Lam Research’s Rick Gottscho.
Gottscho said the study itself was a challenge because Lam needed a way to evaluate the many different algorithms generated by data scientists in a fair way. An important step, he said, wasn’t doing it in the real world. “The experiments take too long and are too expensive. We need too much data to just evaluate one algorithm, let alone a whole bunch of different algorithms.”
That’s why the researchers opted to do the experiment in a virtual world, Gottscho said. “We created a virtual environment that mimicked what happens on our plasma etcher.” After confirming with its process engineers that it was just as realistic—and frustrating—as the real world, Lam was able to dramatically lower the cost of the experiment and more quickly evaluate one algorithm against another.
A key result was that the data scientists and their favorite ML algorithms all failed badly because they lacked domain knowledge and experience, Gottscho said. Meanwhile, the learning curve for both expert engineers and junior engineers followed a characteristic pattern. “They would learn very quickly in a few experiments.”
What the study ultimately showed was that there was a point where the engineers would go from making satisfying progress in their tuning to meet customer targets, to being frustrated because they weren’t making much progress. “That’s where most of the time and money is spent.”

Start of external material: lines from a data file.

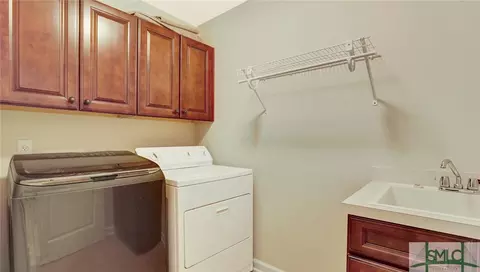 102 Sutton Ln, Pooler, GA 31322 photo 29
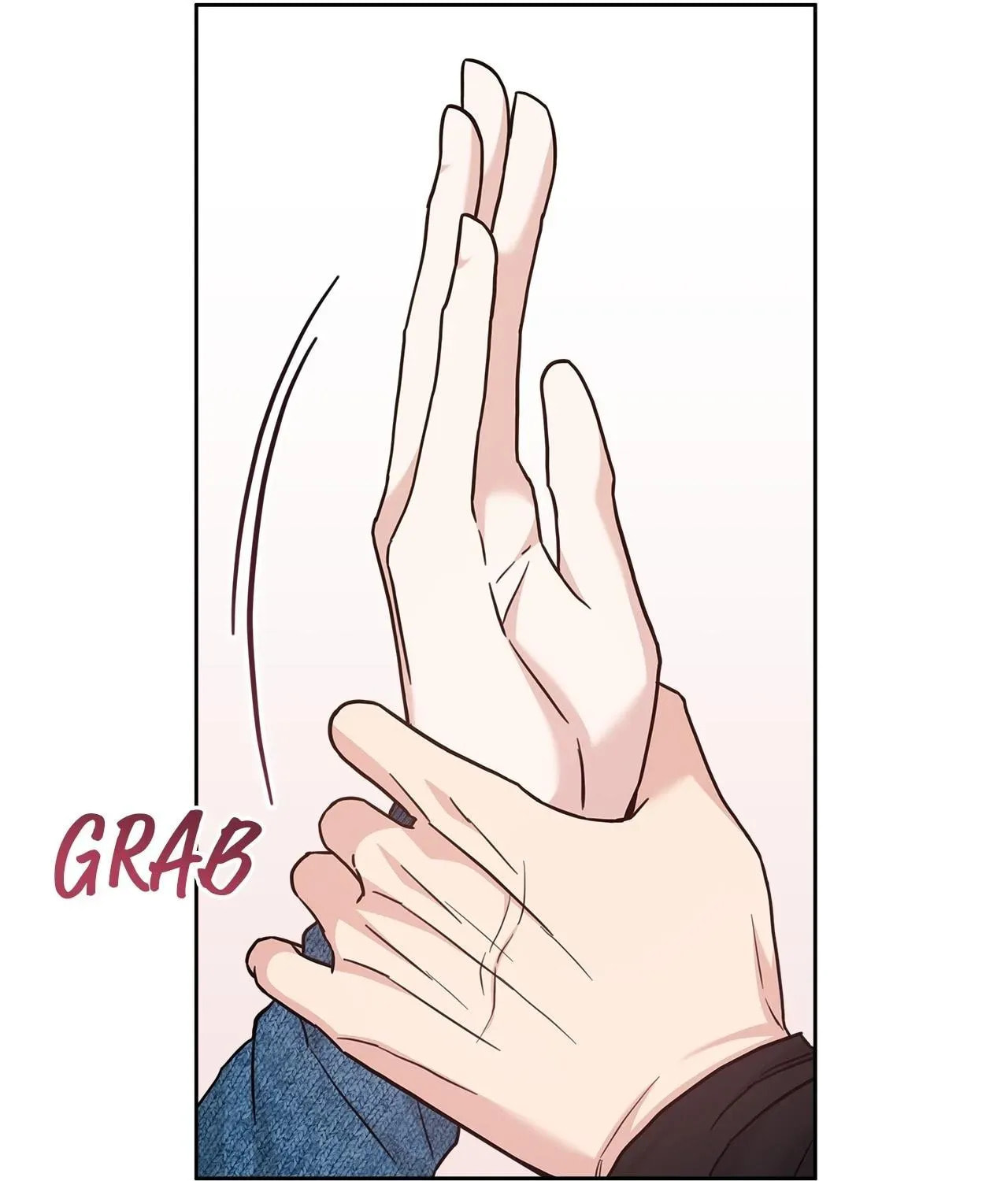 Secha Replica Chapter 86 page 73 - 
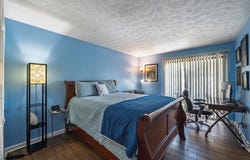 2618 Stoney Creek Road SE, Marietta, GA 30067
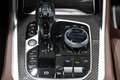 BMW X6 xDrive 30 d M-Paket Hud/ACC/Luft Uvm... Schwarz - thumbnail 43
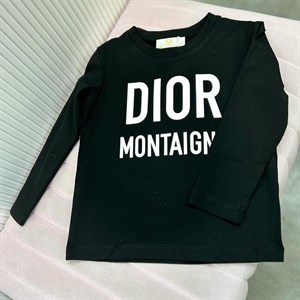 996553049831 ТОММИ МОЛЛ 3 ЭТ 0500049831 н ЦУМ 4 ЭТ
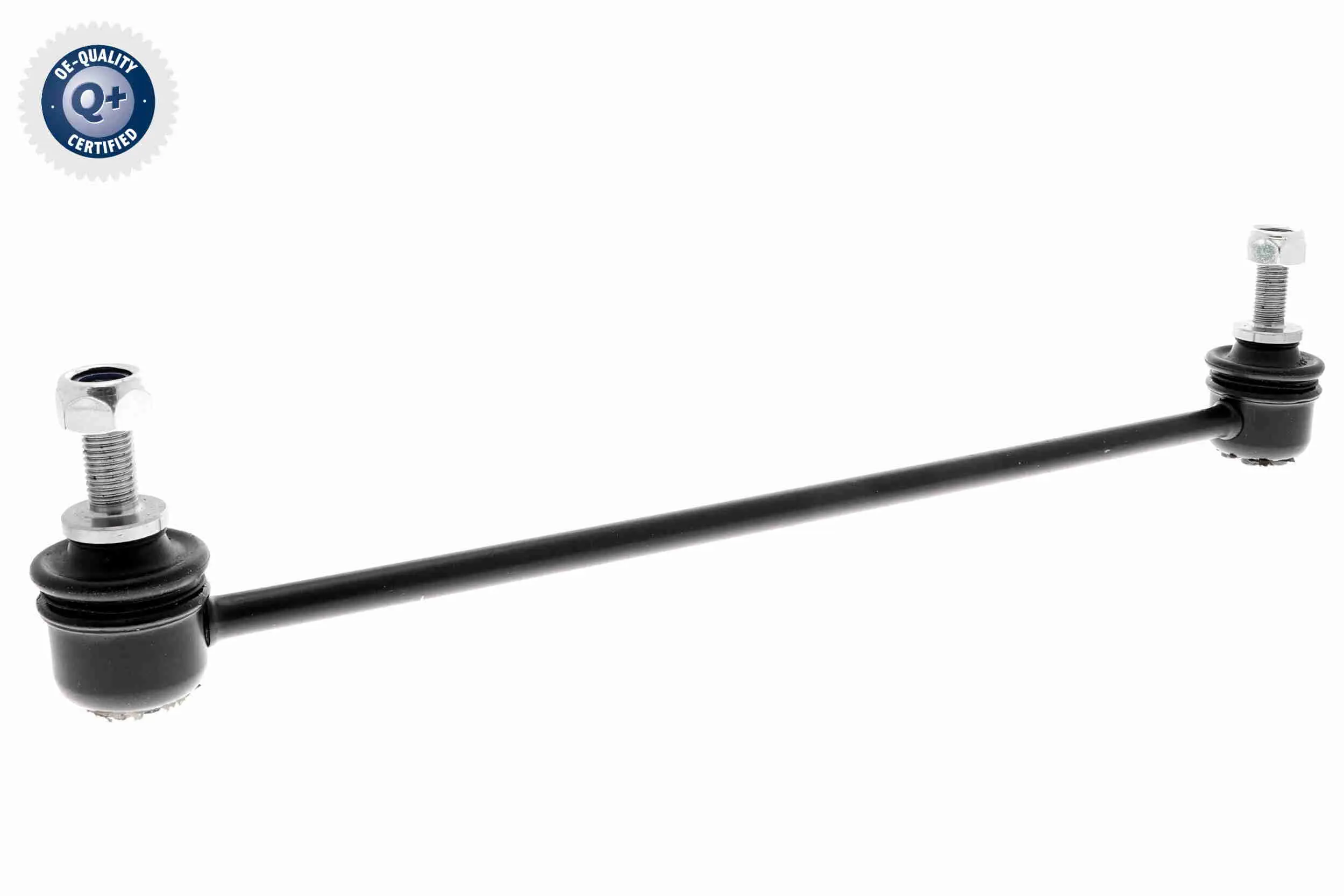 ACKOJA BIELETA SUSPENSION A26-1183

AI needs people to solve design problems
What the research shows, Gottscho said, is that there’s a handoff point where AI can take over, having learned from the efforts of the engineers—their work teaches the algorithm so it can be exploited quickly and take care of the slow, frustrating stretch of the process. “It’s about making the people more productive.”
He said it also demonstrates that a hybrid approach is necessary. “Machines without domain knowledge are like newborn babies. There are no connections in the neural net. There’s no learning.”
This means AI isn’t replacing people in the semiconductor design business anytime soon—it takes time for a baby to learn, Gottscho said. “You need some way to codify the previous learning.”
The trick is to draw from people doing the part of the work that they enjoy because they make rapid progress, he said. “When it becomes drudgery, that’s when you turn it over to the machines that are better at that drudgery anyway.”